First, that I should say, That they were evil Angels (meaning the Ministers who preach the Gospel of Christ) that told people of damnation, and that such ought not to be heard or believed.
Secondly, That all men whatsoever should be saved.
Thirdly, That those that heard me were all in heaven, and in glory.
Fourthly, That God was as much in me as in Christ….
Sixthly, That there was no general Day of Judgement.
Seventhly, That there was no heaven but in man.
Eighthly, That he that thought there was a hell, to him there was a hell, but he thought there was no hell, to him there was no hell. 
On the whole he escaped lightly, though in December 1655 he was imprisoned for six months at Maidstone. The impression given in Truths Testimony is that, while juries were hostile, judges were sympathetic and inclined to stretch the law as far as possible in his favour. He does not deny holding the beliefs with which he was charged.
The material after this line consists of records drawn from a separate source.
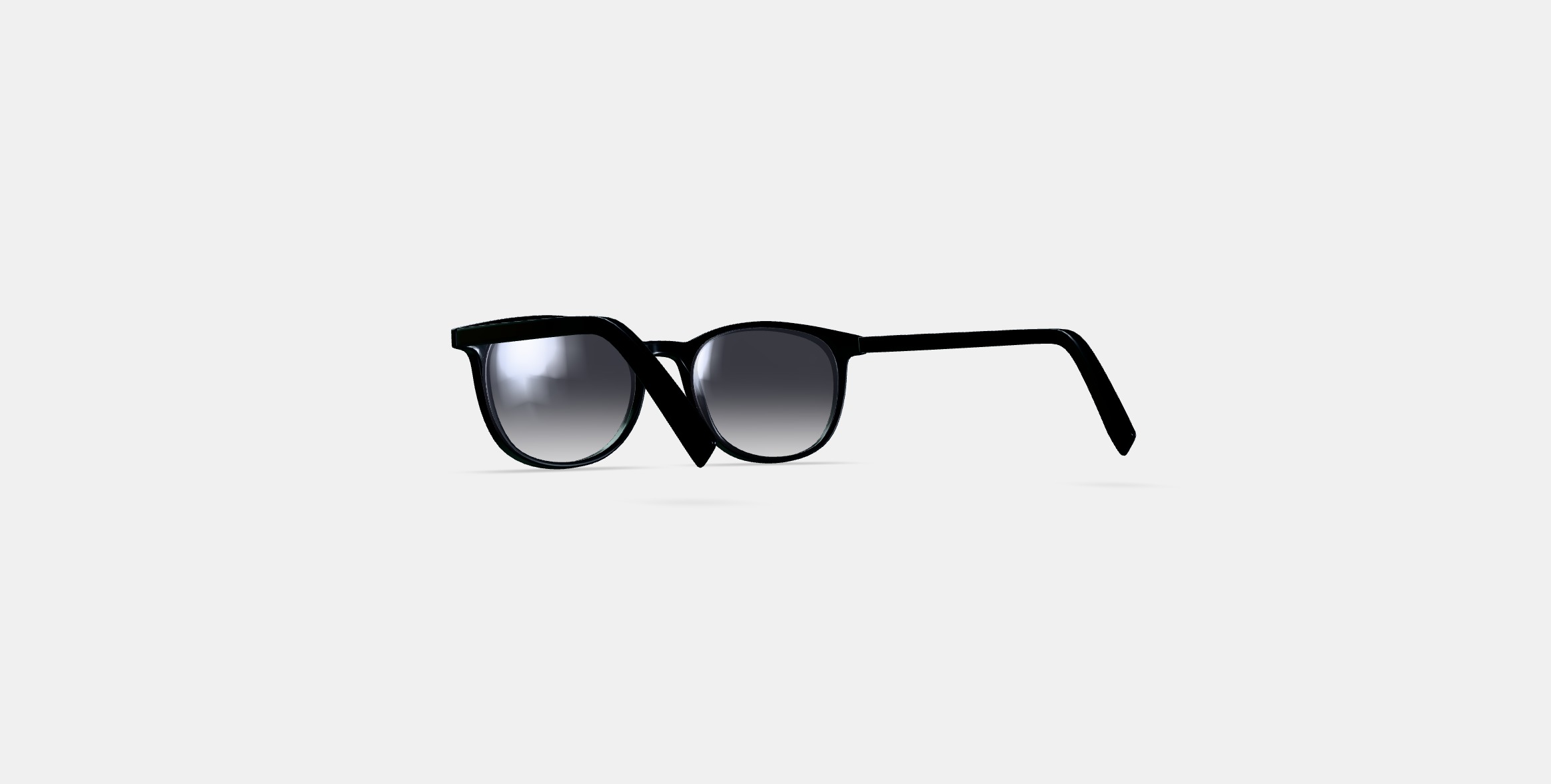 Durand Sunglasses in Jet Black with Polished Gold 3D model_16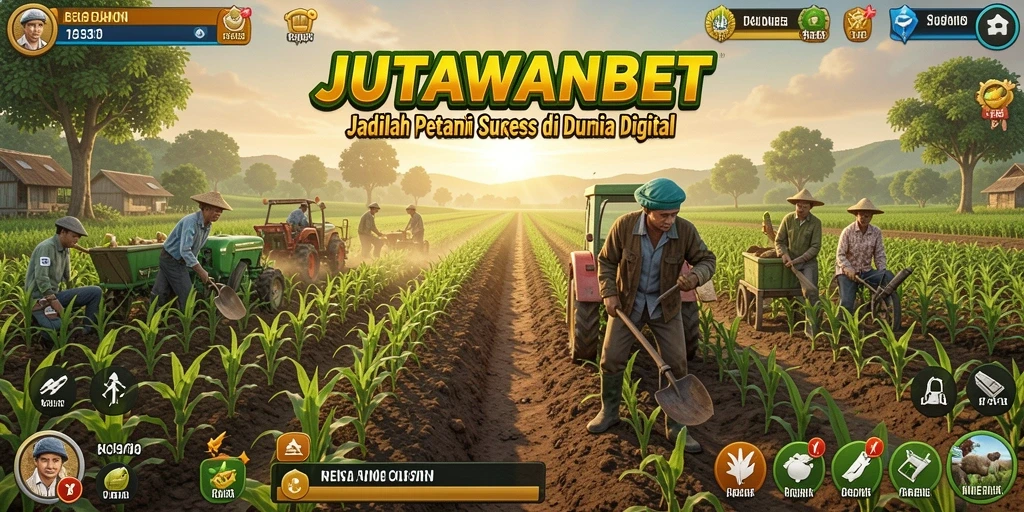 Tampilan permainan <strong>JUTAWANBET</strong> yang memukau dengan ladang pertanian yang subur.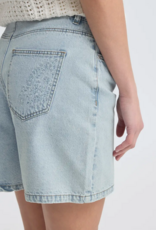 B.Young Kielo Embroidered Denim Shorts in Light Blue Denim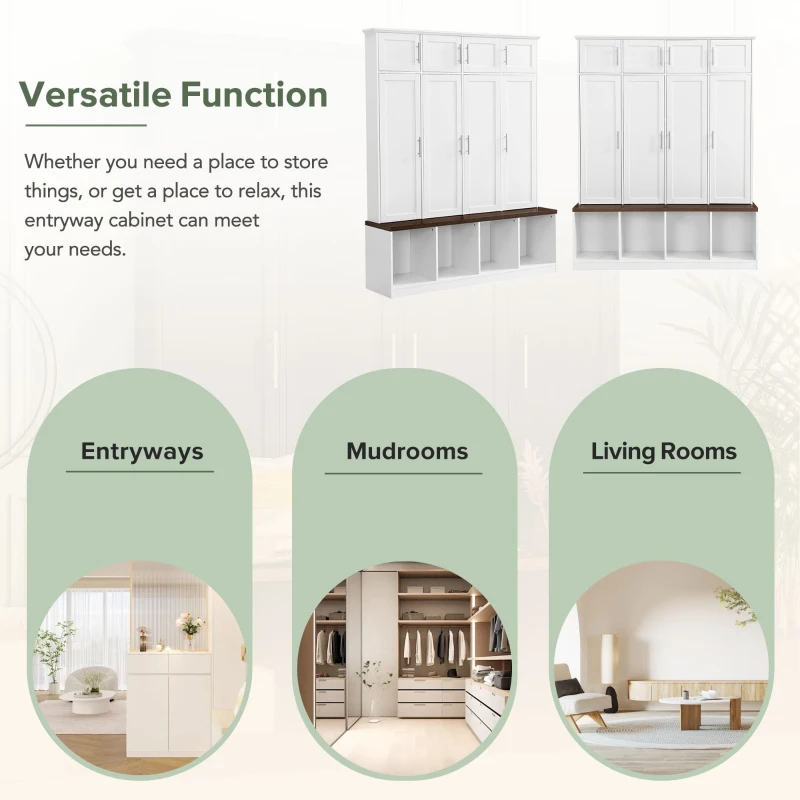 Vinsetto Multi-Functional Hall Tree with 4 Hidden Hanging Hooks, Brown Wood Grain Bench, Multiple Storage Spaces, 59" L x 15.5" W x 75" H, White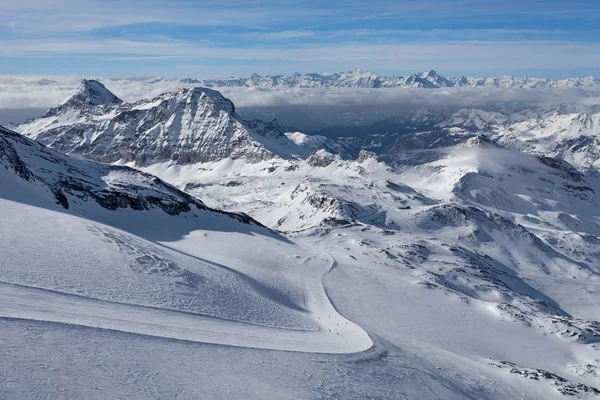 Vista Panoramica Dall Altopiano Rosa Sulle Piste Sci Cervinia Italia — Foto Stock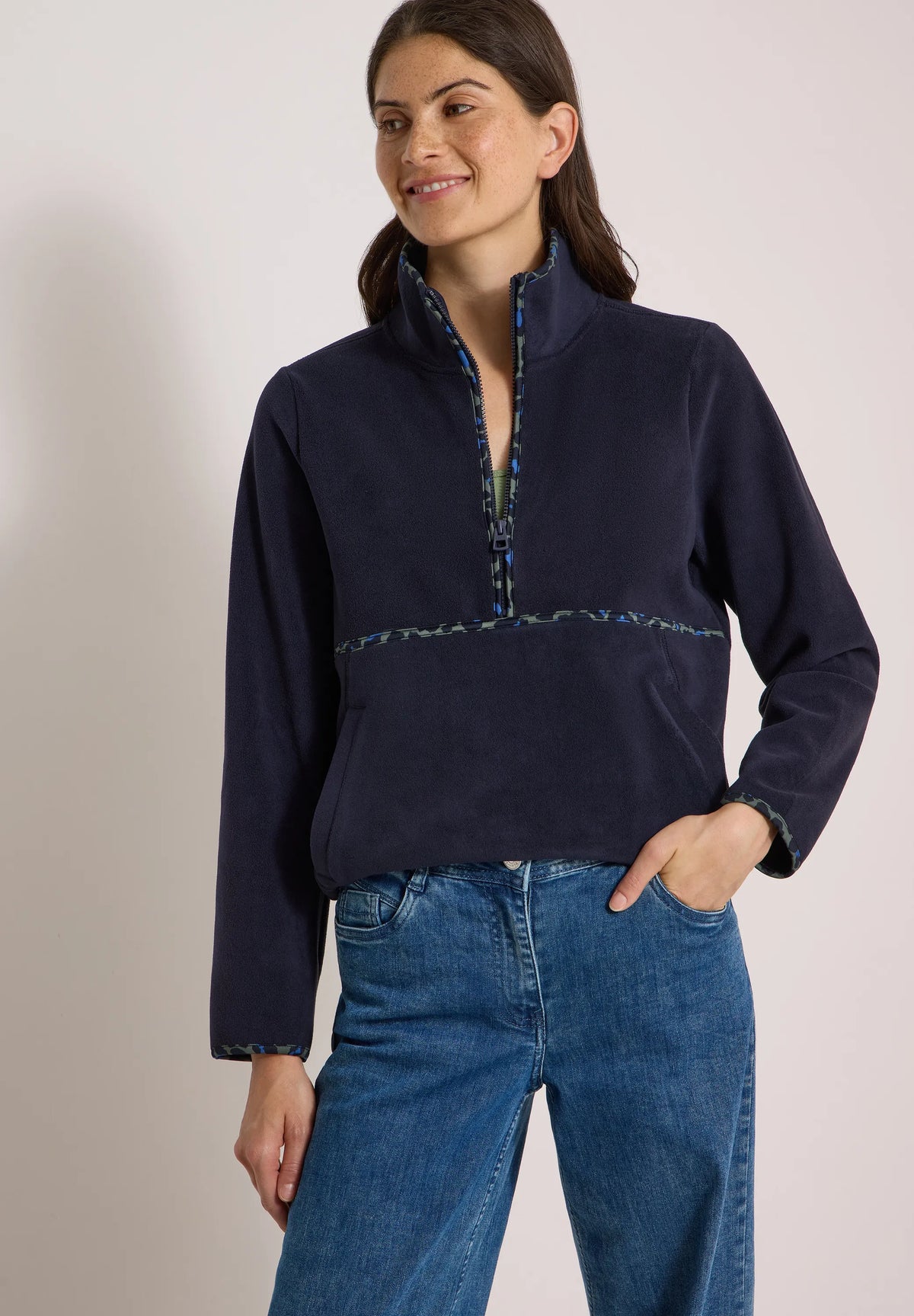 Cecil Damen Fleece-Pullover mit Leo-Details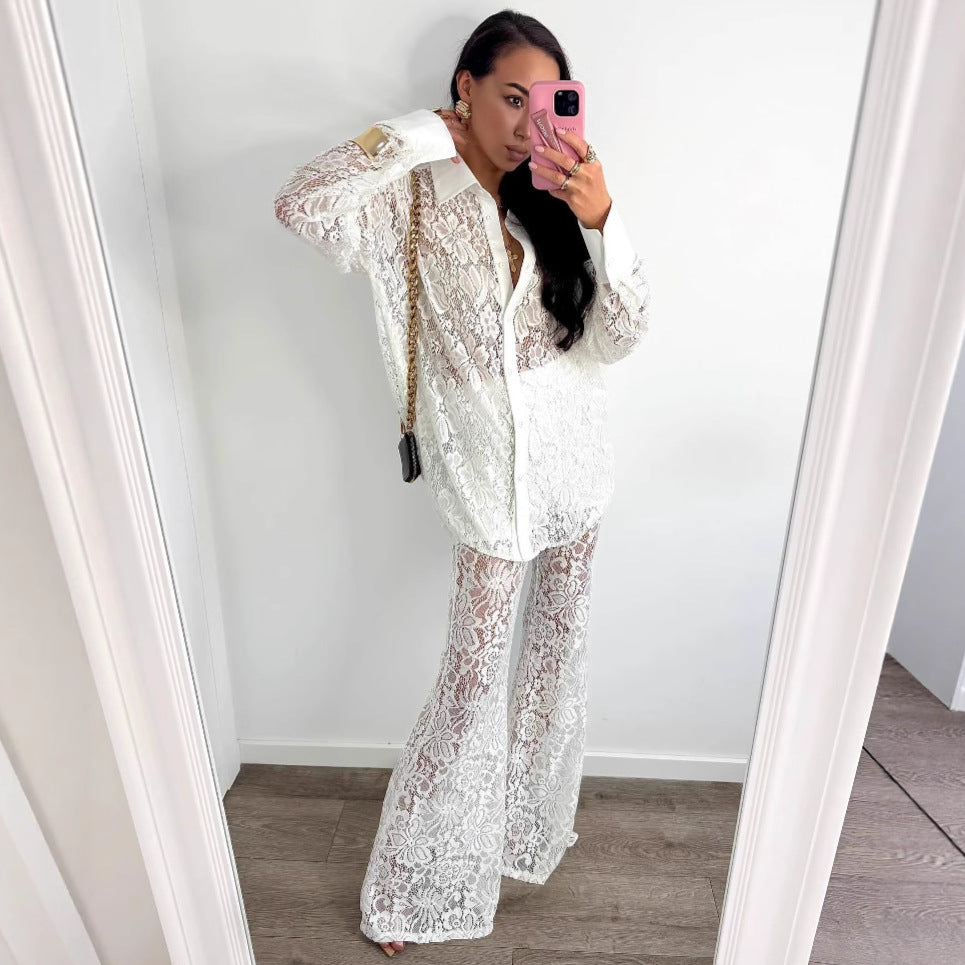 Combinaison blouse en dentelle et pantalon pour femme Berg-Feldt (transparente)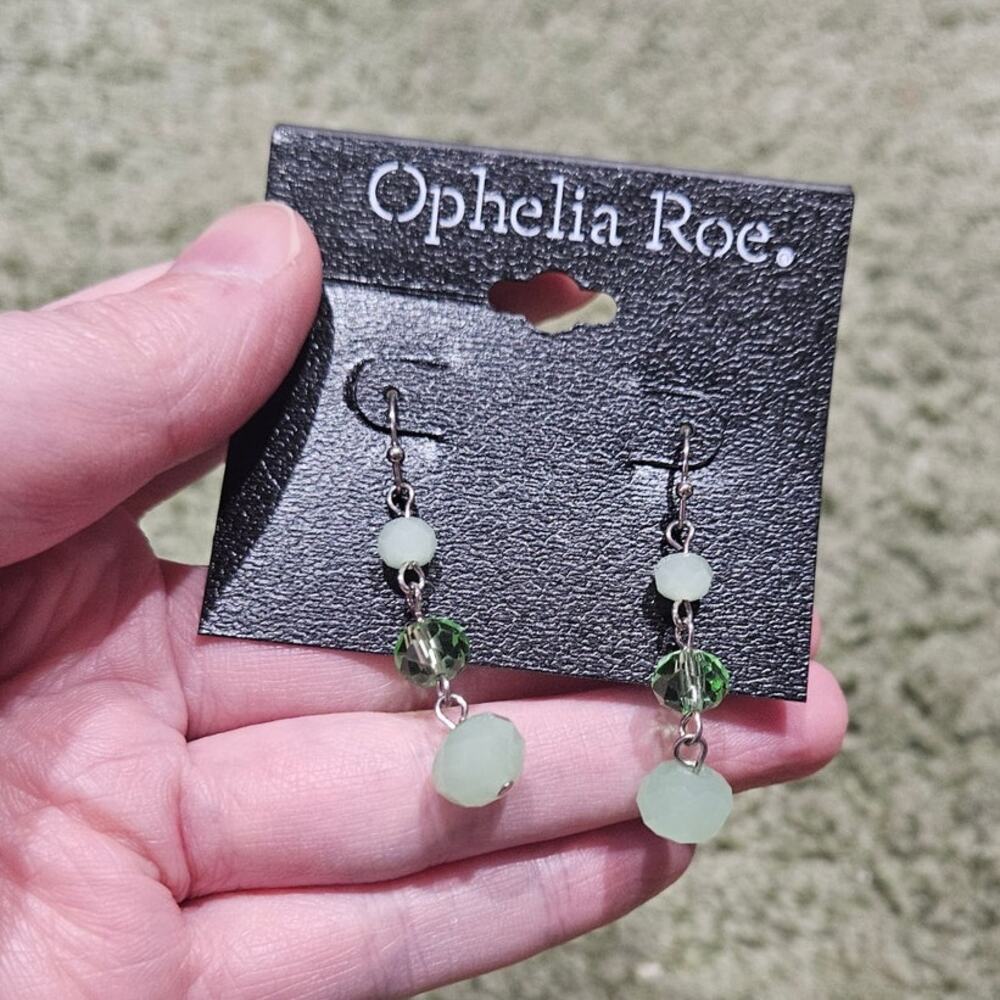 Ophelia Roe Mint Green Beaded Dangle Earrings Silver Tone Y2K Deadstock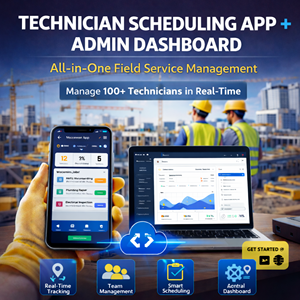 แอปพลิเคชันมือถือสำหรับการจัดตารางงานช่างพร้อมปฏิทินอัจฉริยะ ระบบอัตโนมัติงาน และระบบจัดการผู้บริหาร - Product Image 1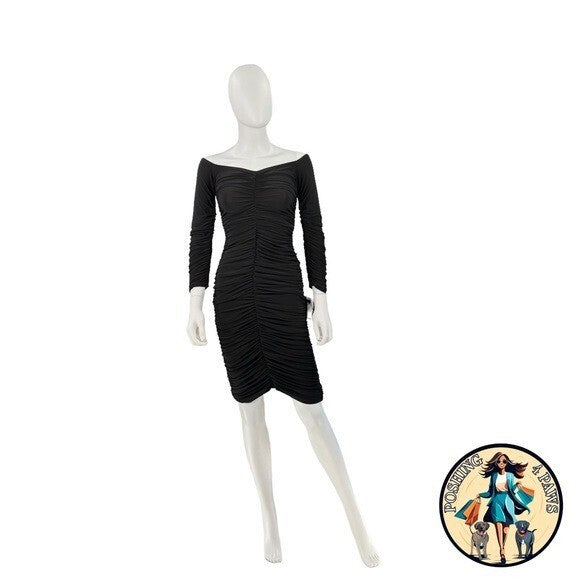 Norma Kamali Off Shoulder Slinky Jersey Stretch Bodycon Dress in Black Size S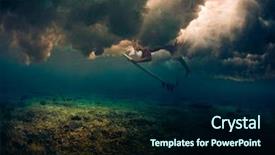  Presentation with diving board - Audience pleasing PPT theme consisting of diving board - surfer dives under the breaking backdrop and a  colored foreground
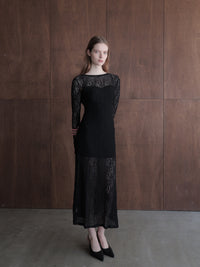 romantic lace sheer back dress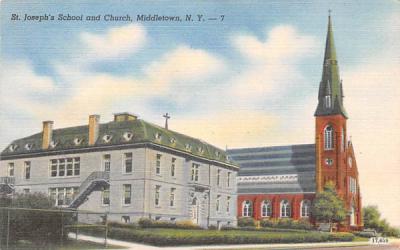St Joseph's School & Church Middletown, New York Postcard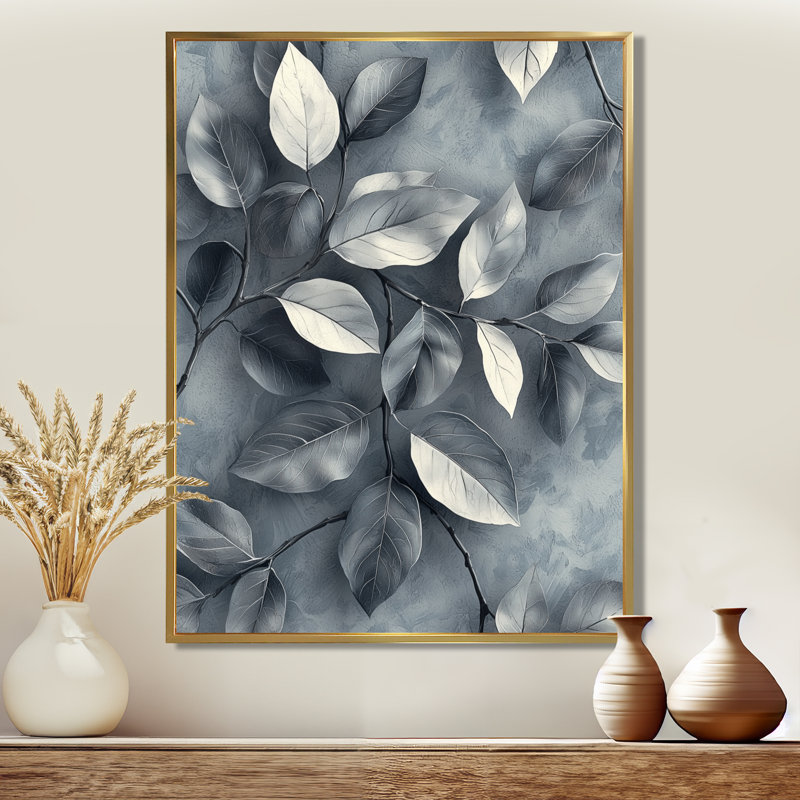 Cuivre, argent, étain, feuilles I - feuilles, art mural, H 40 po x l 30 po, Reproduction avec cadre flottant, Doré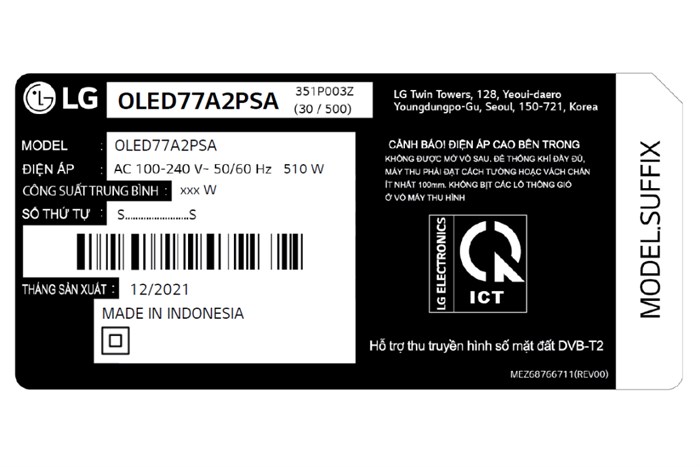 Smart Tivi OLED LG 4K 77 inch 77C2PSA Màu Đen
There can be no doubt that the autumn of 1649, when Divine Teachings appeared, marked a coming together in Ranterism of a number of former Levellers and others of the politically defeated left wing of the commonwealth forces. Giles Calvert, who published it, had issued the final version of An Agreement of the People, and it is worth noting that immediately it appeared Divine Teachings was commended in the Leveller journal The Moderate, as “an excellent book”. William Larner, the usual Leveller printer, issued both Bauthumley’s The Light and Dark Sides of God and works by Clarkson. It is clear that from the way Clarkson describes his introduction to the Ranters by Calvert that the latter, if not actually a Ranter (and he seems always to have been cautious of identifying himself too completely with anyone) at least enjoyed their full confidence. Clarkson found among the Ranters no less a Leveller than Major William Rainborough, brother of the recently murdered Thomas. A final pointer in the same direction is the fact that Clarkson, Rainborough and others gathered at the house of a Mr. Walis or Waddis of I1ford, where John Saltmarsh had lived during the last month of his life. Saltmarsh and the Ranters differed in many ways, but they were all branches upon the great tree of Free Grace, and Saltmarsh would certainly have sympathised with the Ranter conception of God as the Great Leveller.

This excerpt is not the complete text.